=== Exercise goal ===
If a line in the records below contains "text", copy that line.

───── Records supplied

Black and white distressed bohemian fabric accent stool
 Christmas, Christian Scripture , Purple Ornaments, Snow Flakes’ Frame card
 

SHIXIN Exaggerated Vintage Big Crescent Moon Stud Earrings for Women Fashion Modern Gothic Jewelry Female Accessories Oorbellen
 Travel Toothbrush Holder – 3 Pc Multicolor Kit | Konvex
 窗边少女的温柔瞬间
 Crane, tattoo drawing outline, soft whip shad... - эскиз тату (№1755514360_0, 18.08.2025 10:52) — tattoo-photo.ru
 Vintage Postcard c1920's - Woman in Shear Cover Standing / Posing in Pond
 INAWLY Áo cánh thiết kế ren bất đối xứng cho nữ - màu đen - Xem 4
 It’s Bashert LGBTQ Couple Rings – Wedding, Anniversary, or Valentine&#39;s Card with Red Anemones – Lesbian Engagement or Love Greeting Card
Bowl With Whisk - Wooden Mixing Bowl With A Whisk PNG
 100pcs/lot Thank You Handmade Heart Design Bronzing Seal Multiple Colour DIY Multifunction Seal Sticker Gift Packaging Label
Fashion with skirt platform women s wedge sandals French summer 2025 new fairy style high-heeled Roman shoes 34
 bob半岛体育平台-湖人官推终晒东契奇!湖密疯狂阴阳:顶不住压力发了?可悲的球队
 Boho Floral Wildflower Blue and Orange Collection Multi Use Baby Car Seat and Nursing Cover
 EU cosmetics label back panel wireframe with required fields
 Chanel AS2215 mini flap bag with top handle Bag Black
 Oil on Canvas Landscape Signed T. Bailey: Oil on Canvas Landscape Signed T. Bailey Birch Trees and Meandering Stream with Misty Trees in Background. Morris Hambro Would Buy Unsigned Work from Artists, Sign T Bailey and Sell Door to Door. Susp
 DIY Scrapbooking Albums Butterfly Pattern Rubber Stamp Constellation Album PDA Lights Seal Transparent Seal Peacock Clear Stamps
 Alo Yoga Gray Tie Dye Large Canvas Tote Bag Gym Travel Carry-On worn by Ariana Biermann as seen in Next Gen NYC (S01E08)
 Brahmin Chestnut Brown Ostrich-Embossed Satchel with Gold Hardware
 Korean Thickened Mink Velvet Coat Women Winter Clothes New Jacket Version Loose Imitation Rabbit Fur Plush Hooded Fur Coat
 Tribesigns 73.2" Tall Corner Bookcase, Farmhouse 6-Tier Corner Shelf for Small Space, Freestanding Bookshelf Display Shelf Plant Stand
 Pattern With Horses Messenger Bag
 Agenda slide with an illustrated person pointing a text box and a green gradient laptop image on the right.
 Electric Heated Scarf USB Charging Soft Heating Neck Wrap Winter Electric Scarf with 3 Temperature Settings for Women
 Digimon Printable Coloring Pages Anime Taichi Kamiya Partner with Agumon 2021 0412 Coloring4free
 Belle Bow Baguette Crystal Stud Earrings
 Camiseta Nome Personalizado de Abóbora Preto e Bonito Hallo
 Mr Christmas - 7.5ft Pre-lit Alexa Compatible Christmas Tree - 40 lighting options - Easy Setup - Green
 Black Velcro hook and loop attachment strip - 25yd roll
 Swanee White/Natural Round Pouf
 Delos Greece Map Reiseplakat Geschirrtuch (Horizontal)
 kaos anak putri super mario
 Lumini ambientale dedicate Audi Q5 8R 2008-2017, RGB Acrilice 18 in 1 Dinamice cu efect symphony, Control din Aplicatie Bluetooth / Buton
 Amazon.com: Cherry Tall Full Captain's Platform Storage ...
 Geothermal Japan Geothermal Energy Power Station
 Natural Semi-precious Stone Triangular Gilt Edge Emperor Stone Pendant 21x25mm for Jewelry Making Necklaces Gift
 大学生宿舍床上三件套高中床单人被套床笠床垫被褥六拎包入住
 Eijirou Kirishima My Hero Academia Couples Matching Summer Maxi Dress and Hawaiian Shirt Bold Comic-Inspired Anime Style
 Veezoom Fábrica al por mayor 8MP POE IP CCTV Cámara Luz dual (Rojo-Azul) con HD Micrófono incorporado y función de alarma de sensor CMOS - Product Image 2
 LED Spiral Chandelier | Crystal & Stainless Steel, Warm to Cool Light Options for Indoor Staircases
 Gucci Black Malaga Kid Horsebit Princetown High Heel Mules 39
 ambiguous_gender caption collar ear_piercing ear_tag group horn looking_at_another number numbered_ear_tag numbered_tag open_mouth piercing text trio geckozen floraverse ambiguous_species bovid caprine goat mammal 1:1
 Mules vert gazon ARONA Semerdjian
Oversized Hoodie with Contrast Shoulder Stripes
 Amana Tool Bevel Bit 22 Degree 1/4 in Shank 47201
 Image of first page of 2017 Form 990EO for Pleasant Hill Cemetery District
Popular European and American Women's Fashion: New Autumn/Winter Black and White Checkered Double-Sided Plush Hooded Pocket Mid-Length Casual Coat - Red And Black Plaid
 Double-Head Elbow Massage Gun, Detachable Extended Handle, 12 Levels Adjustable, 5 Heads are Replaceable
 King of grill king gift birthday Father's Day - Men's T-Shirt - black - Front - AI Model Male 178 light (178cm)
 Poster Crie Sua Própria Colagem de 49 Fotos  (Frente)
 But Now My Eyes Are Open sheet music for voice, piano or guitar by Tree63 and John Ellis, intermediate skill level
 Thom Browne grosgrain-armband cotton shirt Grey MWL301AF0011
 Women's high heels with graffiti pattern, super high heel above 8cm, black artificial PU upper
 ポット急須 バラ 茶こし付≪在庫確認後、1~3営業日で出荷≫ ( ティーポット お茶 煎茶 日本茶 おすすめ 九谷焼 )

──────────

=== Exercise response ===
 Agenda slide with an illustrated person pointing a text box and a green gradient laptop image on the right.
 ambiguous_gender caption collar ear_piercing ear_tag group horn looking_at_another number numbered_ear_tag numbered_tag open_mouth piercing text trio geckozen floraverse ambiguous_species bovid caprine goat mammal 1:1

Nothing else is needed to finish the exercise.